By Tim Harfmann
Brooklyn bakers are working non-stop to turn yeast into a feast. “It really is a family gathering,” said Miguel Lopez, owner of Don Paco Lopez Bakery in Sunset Park. It’s a sweet shop that’s been making the oval-shaped pastries since the early 1990s. It’s for the Epiphany — or Three Kings Day.
The loaves are called Rosca de Reyes, or Three Kings bread, and they’re not your basic loaves. There are several tiny statues of the Christ child hiding inside each loaf. “It represents the tradition when Joseph and Mary hid the baby Jesus from King Herod,” said Paco Lopez Jr, who also works at the bakery. If you cut the bread and find a figure in your slice, you’re in charge of another fiesta. “You have to throw a party on February 2nd. Why February 2nd? Because we believe it’s when Mary and Joseph presented baby Jesus to the church,” said Miguel.
The tradition dates back to 14th-century France and was eventually picked up in Mexico. Each loaf takes about four hours to make. “We actually begin around 3 or 4 in the morning and it goes until 8pm or 9pm because people demand it,” said Paco.

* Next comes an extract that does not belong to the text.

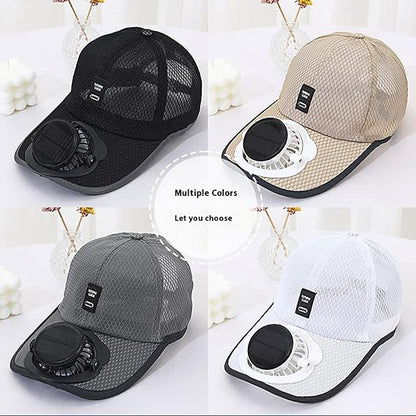 🔥Solar Rechargeable Peak Cap🧢-2026 New Ultralight Solar Fan Sun Hat 🌞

There’s such a demand — over 3,000 loaves are baked at the bakery’s Sunset Park and Manhattan locations. The tradition is so popular that other communities — not only Mexicans — are buying the bread. “They want to bring this tradition to their children, even though they are not Mexican, because this tradition has been well taken by other communities, and we welcome that,” said Paco.
Three feast of the Epiphany, or Three Kings Day, falls on Sunday, January 6, 2019.